1.7k views Asked by At

I'm trying to display a progress bar whenever a file is loaded into pandas. But all I get back is this.

0it [00:00, ?it/s]

Here is the code I'm working with.
I'm importing tqdm based on some examples that I've found.

from tqdm import tqdm
...

def function(self):
    params = self.getGuiParams()
    filename = params['fileNameLineEdit']
    keyname = params['dataSetNameLineEdit']
    try:
        print('Loading data file: ' + str(filename))
        self.datakeys.append(keyname)
        chunksize = 50000
        df = tqdm(pd.read_csv(filename, header=[0, 1], chunksize=chunksize, iterator=True))
        self.data[keyname] = spectral_data(df)
    except Exception as e:
        print('Problem reading data: {}'.format(e))
2

There are 2 answers

4
Danielle M. On BEST ANSWER

tqdm requires an iterator. While you are using the iterator=True option for read_csv, you are assigning the resulting TextFileReader object back to df, without actually iterating on it.

Try something like:

tfr = pd.read_csv(filename, header=[0, 1], chunksize=chunksize, iterator=True
with tqdm() as pbar:
  # do something with the chunk
  pbar.update()

I've never used tqdm so that may not work out of the box - you might need to calculate file size and how many chunks that will take etc.

1
Christian Steinmeyer On

In addition to the other answer, that manually updates the tqdm progress bar, I'd like to suggest an alternative that might be a little more intuitive:

text_file_reader = pd.read_csv(filename, chunksize=chunksize, iterator=True)
for chunk in tqdm(text_file_reader):
    # chunk is a pd.DataFrame with *chunksize* rows of pd.read_csv(filename)
    # (the last chunk might have fewer rows)

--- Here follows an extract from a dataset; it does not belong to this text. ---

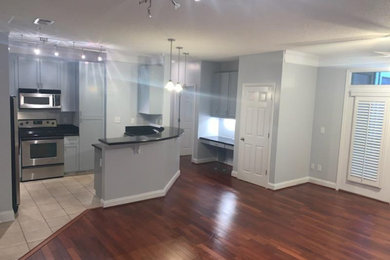 Kitchen photo in Atlanta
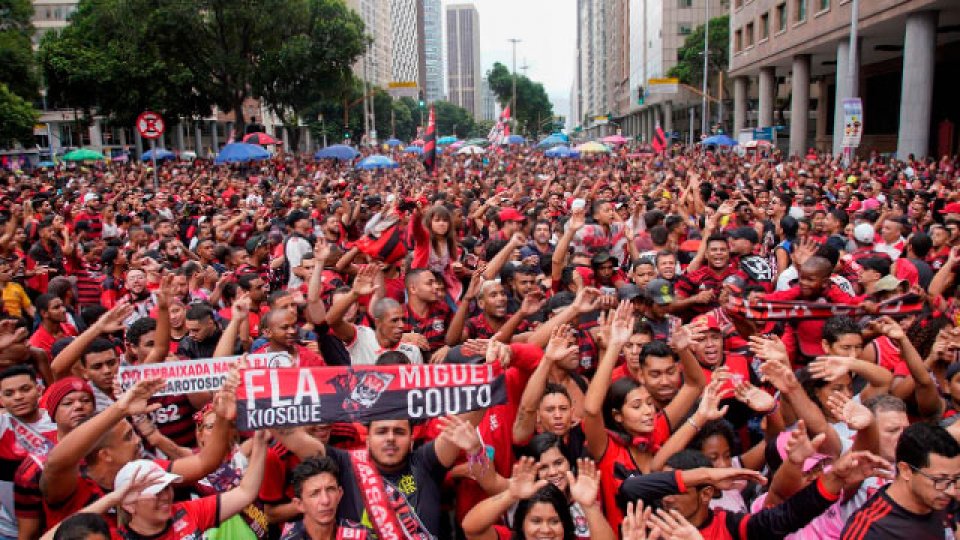 Flamengo campeón: una multitud recibió al equipo en Río de Janeiro.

    # do something with the chunk

This will not give you a standard progress bar slowly filling up to 100%. Instead, you will get information about how many chunks were already processed and what their average processing time was: like so:

18/? [00:22<00:00, 1.29s/it]

One might be able to fill the progress bar with meaningful data - however, as I see it this would require some kind of estimate of number or rows from file size which doesn't seem trivial to me.